- _DATA EXTRACT_
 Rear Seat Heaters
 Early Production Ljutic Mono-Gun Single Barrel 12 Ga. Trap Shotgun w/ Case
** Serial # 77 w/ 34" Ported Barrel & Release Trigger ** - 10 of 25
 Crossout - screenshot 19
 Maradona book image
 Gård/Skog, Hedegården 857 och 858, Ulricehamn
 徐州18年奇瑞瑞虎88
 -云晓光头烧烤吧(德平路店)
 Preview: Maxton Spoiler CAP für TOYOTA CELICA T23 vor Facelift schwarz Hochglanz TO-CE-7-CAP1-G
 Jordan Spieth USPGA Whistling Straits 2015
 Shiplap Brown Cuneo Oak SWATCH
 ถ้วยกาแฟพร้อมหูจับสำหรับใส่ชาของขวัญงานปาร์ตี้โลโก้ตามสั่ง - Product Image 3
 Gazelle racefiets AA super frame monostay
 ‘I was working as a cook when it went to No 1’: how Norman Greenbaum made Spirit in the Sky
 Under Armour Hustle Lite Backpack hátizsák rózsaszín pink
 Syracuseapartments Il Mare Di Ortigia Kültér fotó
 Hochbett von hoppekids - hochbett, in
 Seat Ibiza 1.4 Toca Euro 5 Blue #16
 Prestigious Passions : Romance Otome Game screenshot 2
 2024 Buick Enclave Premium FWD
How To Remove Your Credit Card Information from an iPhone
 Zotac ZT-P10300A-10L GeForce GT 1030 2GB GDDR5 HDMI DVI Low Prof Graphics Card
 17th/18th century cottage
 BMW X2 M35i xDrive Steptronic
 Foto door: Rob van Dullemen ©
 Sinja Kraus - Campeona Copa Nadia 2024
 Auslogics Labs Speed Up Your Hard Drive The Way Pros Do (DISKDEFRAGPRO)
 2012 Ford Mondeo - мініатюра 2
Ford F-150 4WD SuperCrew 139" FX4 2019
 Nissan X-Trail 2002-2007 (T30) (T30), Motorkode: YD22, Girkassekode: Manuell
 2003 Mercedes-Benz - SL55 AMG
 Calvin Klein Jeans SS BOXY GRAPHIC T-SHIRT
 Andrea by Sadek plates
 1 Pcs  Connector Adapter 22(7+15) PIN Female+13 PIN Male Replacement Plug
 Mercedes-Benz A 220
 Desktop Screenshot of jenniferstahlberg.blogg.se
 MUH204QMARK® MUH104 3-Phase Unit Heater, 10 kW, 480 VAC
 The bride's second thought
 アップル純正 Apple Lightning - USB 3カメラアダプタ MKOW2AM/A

- _WORK ITEM_
Everything from the line containing "Gazelle racefiets AA super frame monostay" through the line containing "Prestigious Passions : Romance" in the material above should be retyped exactly, both ends included, and nothing more.

- _REPLY_
 Gazelle racefiets AA super frame monostay
 ‘I was working as a cook when it went to No 1’: how Norman Greenbaum made Spirit in the Sky
 Under Armour Hustle Lite Backpack hátizsák rózsaszín pink
 Syracuseapartments Il Mare Di Ortigia Kültér fotó
 Hochbett von hoppekids - hochbett, in
 Seat Ibiza 1.4 Toca Euro 5 Blue #16
 Prestigious Passions : Romance Otome Game screenshot 2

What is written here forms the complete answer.